Now, when it came to the actual scrub and seek implementation, everytime this was triggered, the music just continued from where it was initially paused from, completely ignoring the commands and no error was given as output.
So then i asked claude to simplify it to a direct 1:1 mapping where 1 degree = 1 second.
(prompt - The song pauses and all but its not rewinding when i scrub, i.e, the song is not moving according to the disk angle and does not give out outputs from where the disk is being rotated to whether it be forward or backward. let each rotating angle be 1s of the song and when you scrub back the esp shouldbe able to detect which timing of the song is to be played and then should start from there)
Hero Shot
Simple, intuitive, and easy to reason about.
Conclusion
My first realisation was that the most useful skill in this kind of project is knowing when to stop fighting something and switch to a different approach.Staying in PlatformIO and sticking with ESP32Synth, both were the right tools on paper but the wrong tools for this specific situation at this specific moment. Letting go of them earlier would have saved hours.debugging embedded systems is less about fixing code and more about isolating which layer the problem lives in. Is it the hardware? The firmware? The library? The browser? The network? Once you know which layer, the fix is usually simple. Getting there is the hard part.
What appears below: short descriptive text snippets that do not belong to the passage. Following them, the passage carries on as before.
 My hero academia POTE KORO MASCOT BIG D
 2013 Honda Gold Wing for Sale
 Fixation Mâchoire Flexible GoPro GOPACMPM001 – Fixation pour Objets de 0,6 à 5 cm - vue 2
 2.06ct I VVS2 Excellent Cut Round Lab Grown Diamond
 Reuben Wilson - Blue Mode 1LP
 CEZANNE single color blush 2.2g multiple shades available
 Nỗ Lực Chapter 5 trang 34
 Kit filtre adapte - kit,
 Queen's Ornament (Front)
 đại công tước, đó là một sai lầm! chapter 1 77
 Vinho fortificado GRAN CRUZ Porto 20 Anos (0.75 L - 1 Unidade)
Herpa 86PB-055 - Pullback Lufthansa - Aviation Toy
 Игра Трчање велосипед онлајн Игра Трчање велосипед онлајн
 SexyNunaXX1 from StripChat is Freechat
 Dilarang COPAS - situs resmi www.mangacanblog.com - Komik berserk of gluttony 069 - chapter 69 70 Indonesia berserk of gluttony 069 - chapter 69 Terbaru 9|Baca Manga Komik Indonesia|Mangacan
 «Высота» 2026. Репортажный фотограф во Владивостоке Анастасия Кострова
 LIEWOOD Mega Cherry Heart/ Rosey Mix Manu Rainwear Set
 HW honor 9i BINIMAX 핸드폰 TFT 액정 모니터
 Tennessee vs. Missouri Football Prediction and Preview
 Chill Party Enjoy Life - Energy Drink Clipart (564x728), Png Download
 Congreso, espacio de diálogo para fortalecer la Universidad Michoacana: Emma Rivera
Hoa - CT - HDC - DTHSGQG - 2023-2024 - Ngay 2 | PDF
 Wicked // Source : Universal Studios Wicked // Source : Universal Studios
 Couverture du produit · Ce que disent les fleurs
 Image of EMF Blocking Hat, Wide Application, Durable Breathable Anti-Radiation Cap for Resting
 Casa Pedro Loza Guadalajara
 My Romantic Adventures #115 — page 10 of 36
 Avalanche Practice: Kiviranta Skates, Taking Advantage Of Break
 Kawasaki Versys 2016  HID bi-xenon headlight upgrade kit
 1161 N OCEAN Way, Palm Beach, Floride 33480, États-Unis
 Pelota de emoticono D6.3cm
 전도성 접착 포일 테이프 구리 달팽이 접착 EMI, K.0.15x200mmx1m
The scrub and seek feature, rotating the disk to move through a song like a real vinyl record was the most satisfying thing to get working. Not because it's technically complex, but because it required understanding the entire chain from finger movement on screen, to angle calculation in JavaScript, to WebSocket message, to file position calculation. Every single layer had to be right at the same time.
What i have done is not perfect. The background texture isn't quite right, the scrub could be smoother, and the track names are still hardcoded. But it plays music from a card through a speaker I soldered onto a board I designed, controlled by a website I built, communicating over WiFi in real time. For week 14, that feels like enough.